The benefit in the translation cycle is partially offset by the need for trained localization
engineers to process the source material and generate the target language materials at the end of
the project.
Basically translation memory works by importing the source material and breaking it into
individual "translation units" or "segments" of text. New material is translated. Slightly modified
material is edited. Repetitive segments or text that hasn't changed from a previous translation is
recycled. The resulting segments are then exported back to the original format to form the target
language materials. These results can be formatted, engineered, and quality checked.
To be effective, there are several things that must happen.
First, the import and export must be able to handle the files properly and produce results that are
consistent from one run to the next and work with the source file formats. The target materials
coming out of the export should function in a manner consistent with the source language.
Second, the segmentation of the text must be linguistically sound and match actual text usage. A
piece of HTML like "<p>This is an <emph>emphasized</emph> item.</p>" should form a
single segment, not three, and the emphasized phrase in the source should be the emphasized
phrase in the target language, even if the word order changes (or results in two emphasized
phrases).
Third, the matching of segments in memory to content should be accurate. If no one is reviewing
the "100% match" segments, they had best be correct. There should not be segments that produce
lower match levels that haven't changed. The final, good quality translations should be the ones
recycled.
The memory should produce results that are contextual and be able to deal with similar (or
matching) segments in differing contexts accurately.
Finally, the amount of effort to produce these results should be less than the cost and time saved
by using the tools and should decline over time.


TRADOS
At first to achieve these results webMethods used separate strategies for each type of file and
standardized on TRADOS for our translation memory needs. Our selection of TRADOS was
based purely on its position as the market leader, without regard for the technology. The
globalization team felt that the benefits from using the leading technology would overcome any
technical issues involved in the adoption of the tool and that continued leadership would dilute
those issues over time. This is actually a fairly common attitude about tool selection, from
discussions with other companies. Coupled with a sort of “can do” attitude on the part of
localization engineers, the tool can be made to work in most situations. It wasn’t a bad choice,
but it didn’t meet the expectations set out above.
This is partially explained by how webMethods used TRADOS as compared to our perception of
the product's design goals. Many localization consumers, such as webMethods, pay their vendors
to run the tool, rather than running tools themselves: they only care about the cost savings and
consistency benefits that they gain from the tool, not the actual operational details. The delivery
at the end includes the memory files, but the localization consumer doesn’t open or maintain the
files. The features and design of the products reflect the most common usage patterns of
translation vendors and translators, rather than the requirements of the ultimate consumer.
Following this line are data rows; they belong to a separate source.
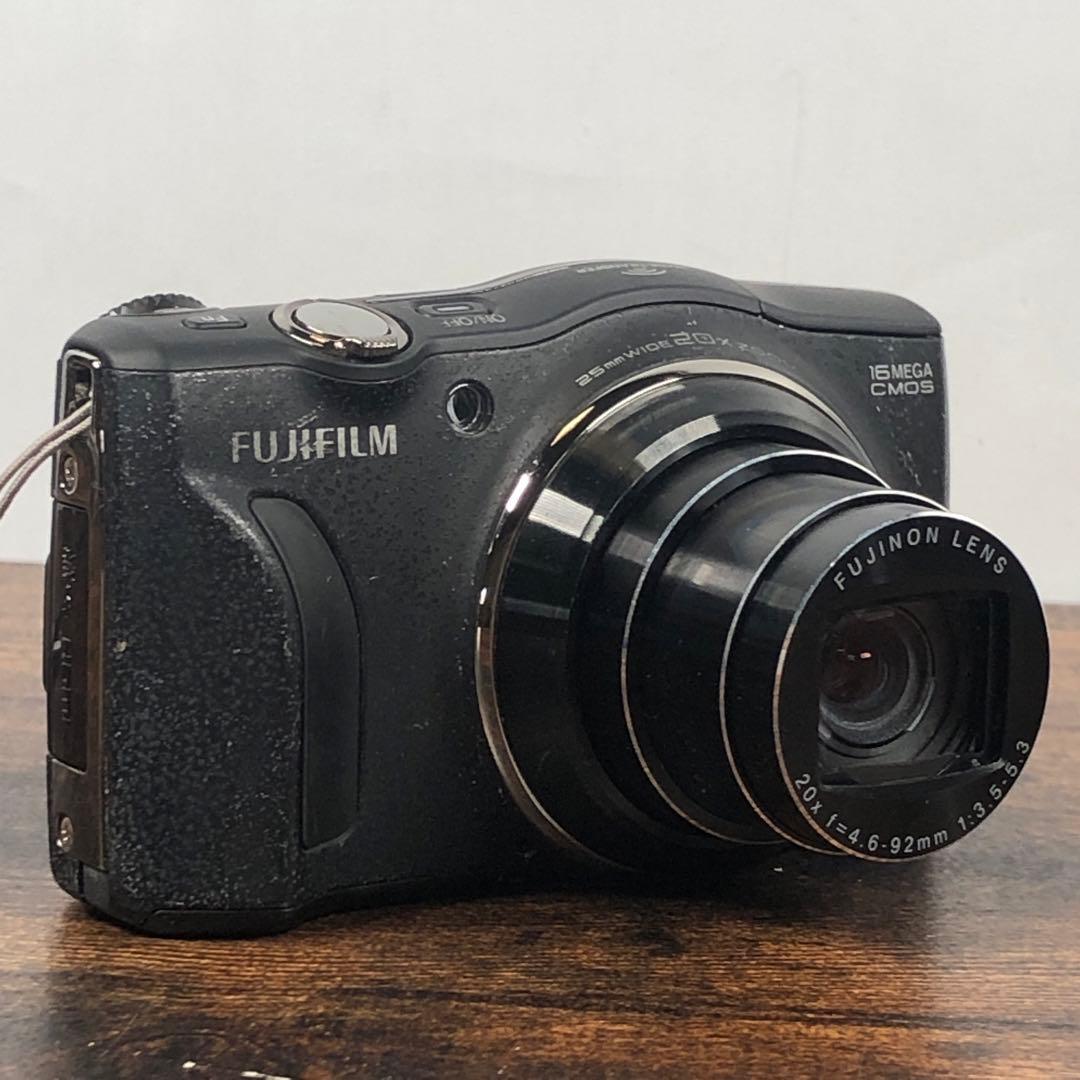 動作確認済 FUJIFILM FinePix F800EXR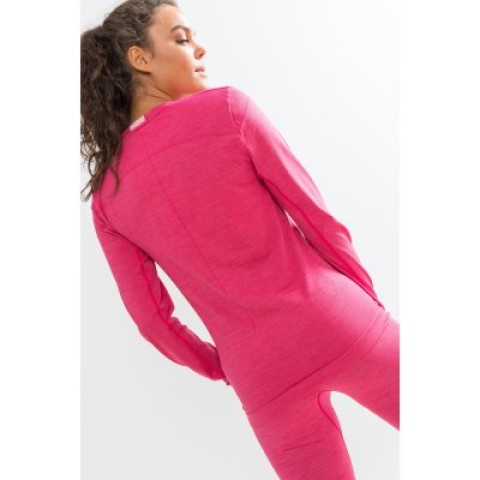 Fuseknit Comfort RN LS Woman
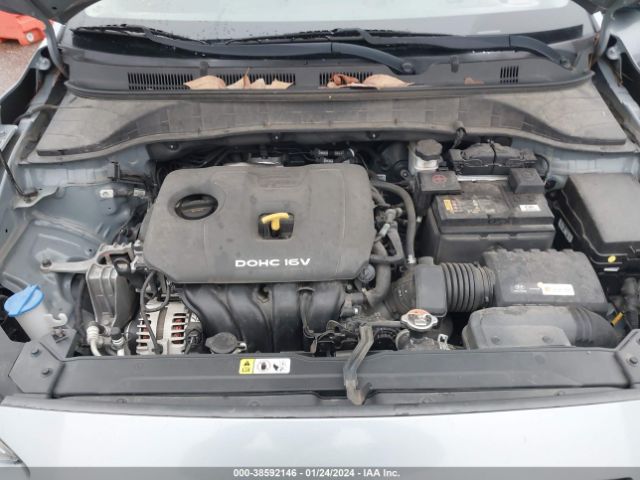 Photo 9 VIN: KM8K22AA2JU182022 - HYUNDAI KONA 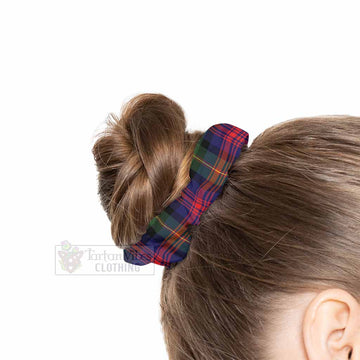 Logan Tartan Hair Scrunchie - Tartan Vibes Clothing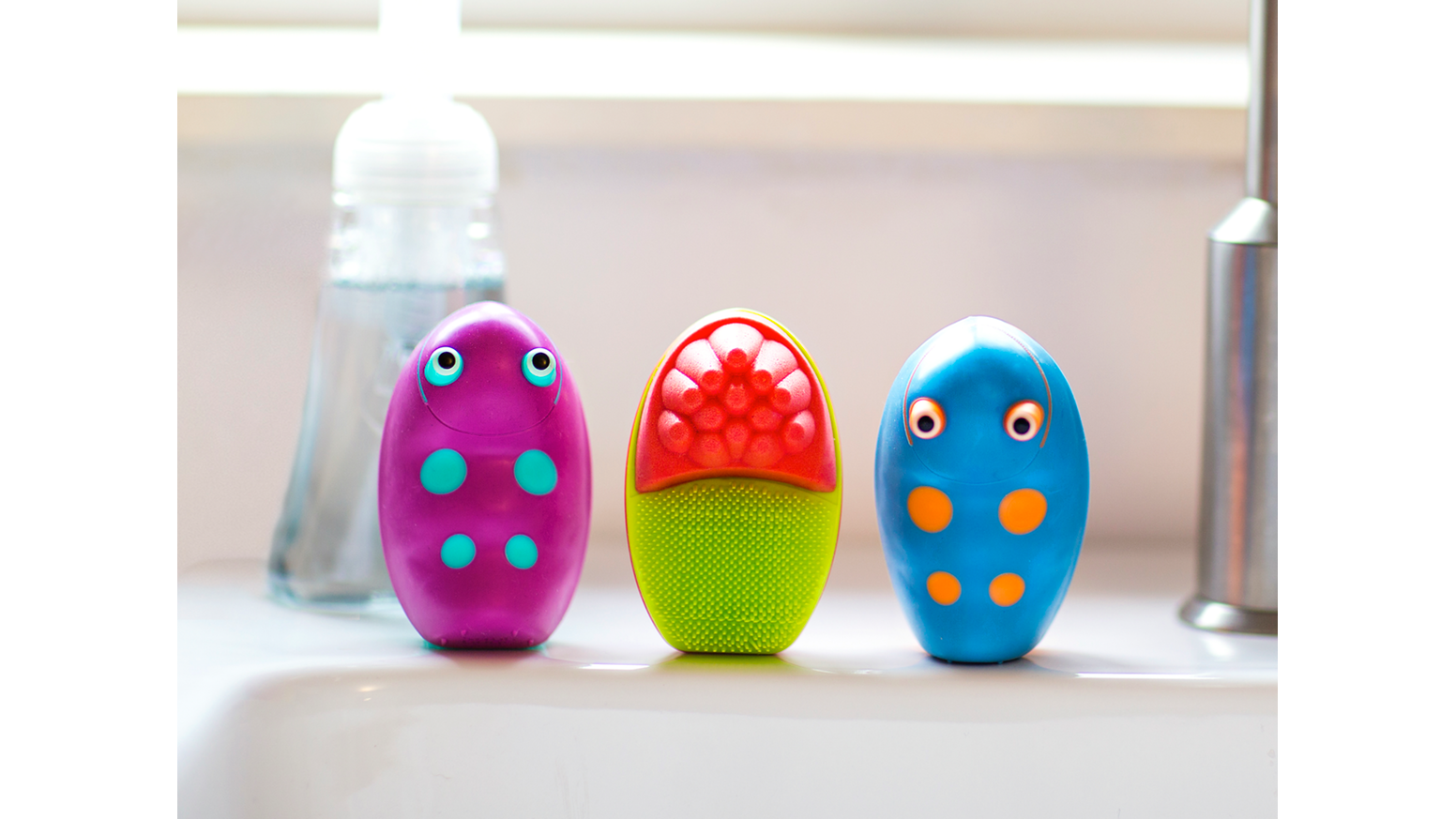 Scrub Bugs Surgeon Inspired Hand Scrubbers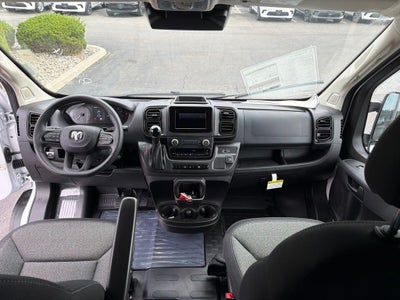 2026 RAM ProMaster 2500 High Roof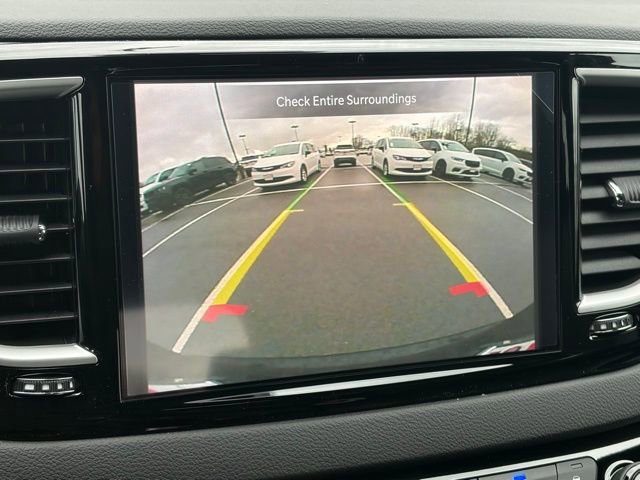 New 2026 Chrysler Voyager LX FWD image 3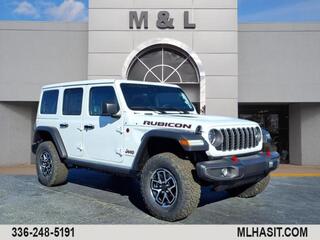 2025 Jeep Wrangler for sale in Lexington NC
A common pattern is that each particular file is pre-processed in a vendor-specific way by one of
the vendor’s engineers (and with minimal time investment). A loss of some leverage between
releases is looked at as a necessary evil. That is because producing consistent segmentation and
linguistically sound segmentation at the same time requires intervention in the source files. High
accuracy is more costly because it requires more work by the localization engineers. Perfect
accuracy can consume much of the cost savings, since engineering time is expensive compared
to translation cost. Post-processing removes the specific “tweaking” that was done to the source
files in order to create the target language files. The resulting memory is very sensitive to this
processing, so the memory isn't really portable because the processing applied to the source is
idiosyncratic, even though it is still “a TRADOS memory” or “an SDLX memory.”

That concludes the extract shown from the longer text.